My childhood fascination with English food is rooted in the description of delectable sounding dishes Enid Blyton wrote in her books. However, having sampled most of the food she wrote about, I have decided to stick with one or two favourites and one is the pie.
When I think of pies, what usually comes to my mind are the dulcet crumbly warm kinds like the famous apple pie. Well not so here in the UK. Both the sweet and savoury kinds are quite popular and with modern ready-to-cook ingredients, quite easy to prepare too. But when the pie started out as a dish, it was quite humble and practical. The modern variety came about from the need to be able to carry edible food over long distances.
Food historian Alan Davidson in The Oxford Companion to Food said, ‘If the basic concept of a pie is taken to mean a mixture of ingredients encased and cooked in pastry, then proto-pies were made in the classical world and pies certainly figured in early Arab cookery.’

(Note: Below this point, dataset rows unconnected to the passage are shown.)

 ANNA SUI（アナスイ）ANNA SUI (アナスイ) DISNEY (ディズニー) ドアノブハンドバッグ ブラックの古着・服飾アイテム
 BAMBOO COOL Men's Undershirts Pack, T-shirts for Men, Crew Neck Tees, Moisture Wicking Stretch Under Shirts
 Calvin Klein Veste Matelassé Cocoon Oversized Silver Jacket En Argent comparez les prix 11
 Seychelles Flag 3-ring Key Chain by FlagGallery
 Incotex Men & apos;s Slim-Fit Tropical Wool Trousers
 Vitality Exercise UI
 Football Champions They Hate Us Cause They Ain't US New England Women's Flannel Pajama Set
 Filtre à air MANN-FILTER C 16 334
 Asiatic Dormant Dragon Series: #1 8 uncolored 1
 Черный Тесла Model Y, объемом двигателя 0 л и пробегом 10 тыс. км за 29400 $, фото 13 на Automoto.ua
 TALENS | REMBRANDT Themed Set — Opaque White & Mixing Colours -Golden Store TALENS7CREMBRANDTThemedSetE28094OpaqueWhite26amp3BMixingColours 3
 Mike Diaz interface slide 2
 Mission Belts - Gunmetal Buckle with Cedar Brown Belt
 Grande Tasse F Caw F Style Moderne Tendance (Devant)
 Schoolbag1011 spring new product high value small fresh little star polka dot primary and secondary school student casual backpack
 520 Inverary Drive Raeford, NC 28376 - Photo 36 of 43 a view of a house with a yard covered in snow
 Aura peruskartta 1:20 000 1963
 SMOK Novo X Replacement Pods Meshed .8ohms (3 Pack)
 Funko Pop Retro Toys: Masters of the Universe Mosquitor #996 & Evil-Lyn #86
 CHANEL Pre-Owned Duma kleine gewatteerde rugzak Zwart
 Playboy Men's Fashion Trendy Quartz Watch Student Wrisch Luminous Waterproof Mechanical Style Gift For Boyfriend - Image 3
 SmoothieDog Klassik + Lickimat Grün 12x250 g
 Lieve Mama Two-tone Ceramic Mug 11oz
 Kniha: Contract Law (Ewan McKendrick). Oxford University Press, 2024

Pies are usually a pastry casing which have cooked sweet (fruits, nuts) or savoury (meat, fish, egg and cheese) fillings. The word pastry here means a casing made of flour, butter and water. The basic concept of pies has changed little throughout the ages. However, there are many many different types of pie that have evolved as time has gone by. For example the pizza is actually a pie and so is a calzone! One may also ask what is the difference between a pie, a turnover, a tart or a strudel. Well they are similar in the use of ingredients such as flour water and eggs but quite different in the way they are cooked. But they may be considered cousins, I am told.
The first pies were very simple and generally of the savoury kind. Fruit-filled varieties appeared in the early 19th century. The Oxford English Dictionary says that the first time the word “pie” was used was in 1303.
The word itself is said to have been derived from magpie, which was shortened to “pie”. The reason is that just as the magpie collects a variety of things, a pie contains a variety of ingredients. Early pies were large for all to share. However, nowadays you can buy (or prepare) smaller ones for individual consumption.
One of the most famous pies in England is the pasty. Associated with the County of Cornwall, it looks like an extra-large gujiya (a dish made in India with a sweet filling, usually had during the festival of Holi). The traditional Cornish pasty is filled with beef, sliced or diced potato, turnip and onion, seasoned with salt and pepper, and baked. During the 17th and 18th centuries due to its convenient shape and wholesome nature, the pasty became popular with working people in Cornwall. Miners liked to carry it on site as it could be carried easily and eaten without cutlery.
While the filling tends to be the star of the show, it is the pastry (or crust or casing), which marks a good pie from an average one. When baking a pie, some people like to make their own, and others like the ready-made store bought variety. Still others, like me, like to buy pies made by professionals and nibble on them on a cold afternoon with a cup of hot tea!